Cass. pen. Sez. II, Sent., (ud. 13-05-2011) 14-06-2011, n. 23749

Sentenza scelta dal dott. Domenico Cirasole direttore del sito giuridico http://www.gadit.it/

Svolgimento del processo – Motivi della decisione

Ha proposto ricorso per cassazione S.M., per mezzo del proprio difensore, avverso la sentenza della Corte di Appello di Messina del 12.7.2010, che in riforma della sentenza di condanna pronunciata nei suoi confronti dal locale Tribunale il 8.1.2008, per la contravvenzione edilizia di cui al capo a), e per il delitto di cui agli artt. 633 e 639 bis c.p., di cui al capo c), dichiarò prescritta la contravvenzione e ridusse la pena, confermando nel resto la decisione di primo grado.

Secondo l’accusa, l’imputata, subentrata ad un terzo nel contratto di locazione di un immobile di proprietà dell’IACP, vi aveva eseguito lavori di ampliamento che avevano comportato l’occupazione di una porzione di suolo di proprietà dello stesso ente. La Corte ricordava, al riguardo, gli esiti dell’accertamento tecnico che aveva dato avvio alle indagini, dal quale era emerso che i lavori di ampliamento erano ancora in corso di esecuzione successivamente al subentro della S. nel rapporto di locazione.

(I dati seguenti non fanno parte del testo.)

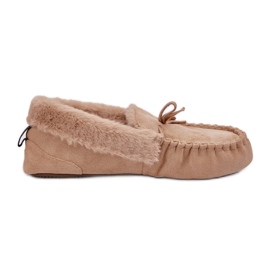 Mocassine femminili con pelliccia beige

Sottolineava, ancora, l’irrilevanza, ai fini del dolo, dell’istanza presentata dall’imputata all’IACP per ottenere il rinnovo della locazione, nella quale si faceva riferimento all’occupazione.

Ricorre il difensore, deducendo il vizio di motivazione per illogicità manifesta della sentenza per avere ribadito il giudizio di responsabilità dell’imputata in ordine al reato di invasione nonostante potesse agevolmente evincersi dalle pratiche amministrative relative all’immobile in oggetto, che la S., dopo avere presentato regolare istanza di condono edilizio rimasta inevasa per lunghi anni, si era limitata ad eseguire lavori del tutto marginali, non comportanti alcuna occupazione di aree di proprietà dell’IACP, ma finalizzati esclusivamente all’adeguamento sismico del manufatto.

Con il secondo motivo, deduce comunque il vizio di erronea applicazione degli artt. 42 e 43 c.p., per avere i giudici di appello ritenuto la sussistenza del dolo nonostante le interlocuzioni dell’imputata con l’IACP dimostrassero la sua buona fede. Il ricorso è manifestamente infondato.

La difesa propone un’alternativa ricostruzione dei fatti rispetto a quella operata dalla sentenza impugnata, senza nemmeno interloquire specificamente sulle indicazioni di prova sottolineate dai giudici di appello, arricchite, tra l’altro, dal corredo di documentazione fotografica dello stato dei luoghi. Correttamente la Corte territoriale ha poi ritenuto di desumere il dolo dalla materialità del fatto, in quanto commesso con la chiara consapevolezza dell’altruità dell’area occupata, di nessun rilievo apprendo in effetti le successive iniziative dell’imputata dirette ad una qualche regolarizzazione dell’occupazione. Alla stregua delle precedenti considerazioni, il ricorso va pertanto dichiarato inammissibile, con la condanna del ricorrente al pagamento delle spese processuali e della somma di Euro 1000,00 alla Cassa delle Ammende, commisurata all’effettivo grado di colpa dello stesso ricorrente nella determinazione della causa di inammissibilità.
P.Q.M.

Dichiara inammissibile il ricorso e condanna la ricorrente al pagamento delle spese processuali e della somma di Euro 1000,00 alla Cassa delle Ammende.

Testo non ufficiale. La sola stampa del bollettino ufficiale ha carattere legale.